▶ [TASK DETAILS]:
Exact reproduction required: the lines below from the line with "Customers configuration settings" to the line with "SET GLOBOS LATEX VERDE FC 10PCS - 1", both ends included, and no others.

(THE RECORDS Opens)

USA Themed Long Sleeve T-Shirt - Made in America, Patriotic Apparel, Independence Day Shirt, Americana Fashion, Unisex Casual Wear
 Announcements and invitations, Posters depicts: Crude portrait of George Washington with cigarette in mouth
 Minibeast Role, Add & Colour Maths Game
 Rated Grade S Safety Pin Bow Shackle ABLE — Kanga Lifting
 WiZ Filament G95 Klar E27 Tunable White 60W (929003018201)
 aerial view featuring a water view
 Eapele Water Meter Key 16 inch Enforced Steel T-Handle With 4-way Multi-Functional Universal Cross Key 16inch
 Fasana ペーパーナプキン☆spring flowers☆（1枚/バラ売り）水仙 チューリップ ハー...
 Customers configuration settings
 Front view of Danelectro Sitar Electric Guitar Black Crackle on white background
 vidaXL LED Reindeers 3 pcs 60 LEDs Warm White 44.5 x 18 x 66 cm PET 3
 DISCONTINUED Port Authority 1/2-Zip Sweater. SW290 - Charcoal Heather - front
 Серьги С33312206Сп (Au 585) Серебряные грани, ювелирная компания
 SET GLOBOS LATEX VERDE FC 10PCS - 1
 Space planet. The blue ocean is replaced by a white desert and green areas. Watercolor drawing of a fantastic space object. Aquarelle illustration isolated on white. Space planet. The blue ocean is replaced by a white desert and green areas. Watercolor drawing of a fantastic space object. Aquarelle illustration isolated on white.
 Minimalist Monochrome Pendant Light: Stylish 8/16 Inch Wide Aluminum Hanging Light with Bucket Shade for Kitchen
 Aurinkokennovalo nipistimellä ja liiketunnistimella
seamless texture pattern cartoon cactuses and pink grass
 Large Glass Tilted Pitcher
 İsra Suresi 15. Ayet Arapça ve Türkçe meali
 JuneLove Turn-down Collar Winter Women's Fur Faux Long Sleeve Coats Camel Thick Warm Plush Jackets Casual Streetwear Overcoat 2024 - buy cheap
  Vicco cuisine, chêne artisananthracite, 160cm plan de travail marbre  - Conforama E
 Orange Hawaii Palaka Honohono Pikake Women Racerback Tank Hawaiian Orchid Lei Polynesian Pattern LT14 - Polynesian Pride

(THE RECORDS Closes)

▶ [SOLUTION TO THIS PROBLEM]:
 Customers configuration settings
 Front view of Danelectro Sitar Electric Guitar Black Crackle on white background
 vidaXL LED Reindeers 3 pcs 60 LEDs Warm White 44.5 x 18 x 66 cm PET 3
 DISCONTINUED Port Authority 1/2-Zip Sweater. SW290 - Charcoal Heather - front
 Серьги С33312206Сп (Au 585) Серебряные грани, ювелирная компания
 SET GLOBOS LATEX VERDE FC 10PCS - 1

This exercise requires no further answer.